The garden is silent

When red of my roses burnt into brown
and your pansies have perished in snow
the garden is silent, the orchard is bare.

When ivy has strangled the plum tree
the laburnum bears venomous pods
but thorns of my roses still endure.

The flower picker by John William Waterhouse

Today Sarah hosts at dVerse and brings us the language of flowers to inspire us a bit.


July 24, 2018

32 responses to “The garden is silent

  1. I agree with Frank, there’s something enduring about those thorns. There’s a chance those roses will flower again in spring. This is another poem with a Romantic sensibility that works so well for this prompt.

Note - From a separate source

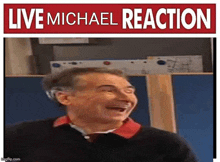 a man is laughing in front of a red sign that says `` live michael reaction '' .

  2. I like the tenacity of thorns. They do endure and are good in staving off further attacks. (Check the ‘the’ in the last line.)
    There’s passion in this write.

  3. I love the easy-flow rhythm of this:

    “When ivy has strangled the plum tree
    the laburnum bears venomous pods”

    That song is one of my faves.

  4. You found gold within brevity, as I used Sarah’s list to fully embrace the sadness of love faded and pricked by thorns.

  5. I can see why the speaker is captivated by the allure of a sharpened thorn (I mean, who isn’t?) but there is a sense of nostagia tucked in there too, like a pressed flower in an old and well-loved book. I can almost see the speaker pressing their finger tips to such a rose, and make a little prayer, hoping they’ll bloom again.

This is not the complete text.